GP holding ipad entering patient data into practice management software

One of the most important relationships you’ll manage in private practice is with local GP’s. It’s their referrals that allow you to expand your patient base. Established private practice specialists stress the importance of GP relationships, especially when you’re starting out.  To build rapport, it’s important to reach out to GP’s in the area and to build a trusted network.  

Tips for building your relationships with GP’s 

The communication and support runs both ways. Try to arrange a session on your specialty to GPs to expand their knowledge of your field and build their trust in your skills. If you work in public hospitals, build awareness with other doctors in the hospital, including in other specialties. 

Alternative ways to build your relationships with GP’s 

  • Send newsletters or some form of regular communications to your GP network, so your practice stays front of mind.
  • Once you’ve seen a GP’s patient, give the referring doctor a call to fill them in on the consult. If a phone call isn’t practical, send an electronic letter to keep the GP informed and suggest a course of action.

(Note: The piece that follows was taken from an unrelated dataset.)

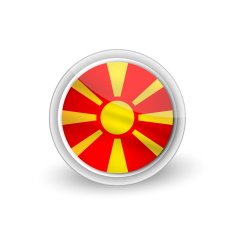 Vector rounded waving flag button icon of Macedonia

This ensures the GP is prepared to discuss the outcome of their consult with the patient.
  • Make it easy for them to reach you, by giving them your mobile number so that you’re easily contactable.
  • Define your unique selling points and promote them to GP’s.   
female doctor wearing headset, glasses and stethoscope working with Genie Solutions practice management solution to consult patient on telehealth call.

Deep insights into your referrals 

On the flip side of referral generation is being able to understand where referrals are coming from. Which GPs are referring you to their patients? How often do they refer you? And what do those referrals mean to your practice, financially and in terms of building your reputation?  

One of the great benefits of practice management software like Genie and Gentu is that you can see where your main referrals are coming from – including the name of the doctor, their location, the number of referrals over time and the amount of revenue generated from those referrals. This data is easily accessible, and easy to read and interpret. 

How can it help you manage your referrals?  

  • If you know who is referring, you can focus on fostering existing relationships, which generally leads to more repeat referrals over time  
  • Referrals are revenue so why not send out thank you notes or gifts to nurture those GP relationships?  
  • Referral sources can guide your business decisions and help you grow your business  

If GP’s have sent you a lot of referrals, you could consider recommending those GP’s to your patients, so the benefits flow both ways.   

Relationships with other specialists can also help you build your network and expand your patient base too.   

When working with GPs, make sure you answer your phone and respond to their queries. One practice we spoke to warned that specialists who use answering services can be at a disadvantage. For example, if a GP refers a specialist and that specialist isn’t quick to respond to a patient inquiry, it can sour the relationship. One practice manager says if patients call back to complain that the specialist didn’t return their call, the GP practice will no longer refer that specialist.   

It pays to be mindful of your interactions with others and the flow-on implications to your practice.